I know ur sleeping, sorry for waking you but i just saw a girl with mittens on using her nose to control her ipod touch
Just saw someone buying TWO six packs of O'Doul's. WHY ??
He suggested abortion before I finished the sentence. That was my plan too, but now I feel like should keep it just to prove how big of a dick he is.
My present? It was a fake boarding pass he made in Photoshop. He litterally just gave me a one way ticket to Pound Town
Im embracing the luau theme and maybe bringing a kiddie pool filled with alcohol. Im also embracing the high probability I will not remember this night.
i was debating whether to load antoher bowl when i realized i was holding a sandwich in one hand and a cookie in the other. and laughing.
Just keep my face away from hard objects. And by that I do not mean erect penised.... those are totally fine. It's more just things like rocks, table edges, blunt objects, etc so I don't get another concussion.
Good. We don't answer calls at dick thirty.
Perfect. And my grandma just called me and talked to me for eighteen minutes telling me that she was worried because of my Halloween costume that I'm not a Christian and that I'm not eating. Wtf.
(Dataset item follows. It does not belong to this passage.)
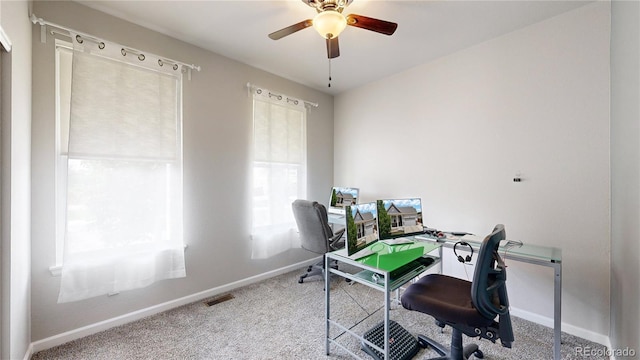 carpeted home office with ceiling fan, visible vents, and baseboards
I wish on days I started my period Chipotle would come to my house with a burrito bar ... Then give me a chocolate cake and a large beer.
He was literally going down on me and giving me a foot rub AT THE SAME TIME. What more can I ask for?
I vaguely remember hanging my bra off the ceiling fan and chugging a beer during sex
College has turned you into quite the multi tasker huh?
Ugh. I'm going to die alone, sister. Half-eaten by one of my thirty-seven cats and clutching a martini shaker
It's like "hey I give your roommate blowjobs twice a week, want to connect on LinkedIn?"
It's official. My little brother has had more sex in my car than I have. I'm still tied with my little sister. I hate everybody.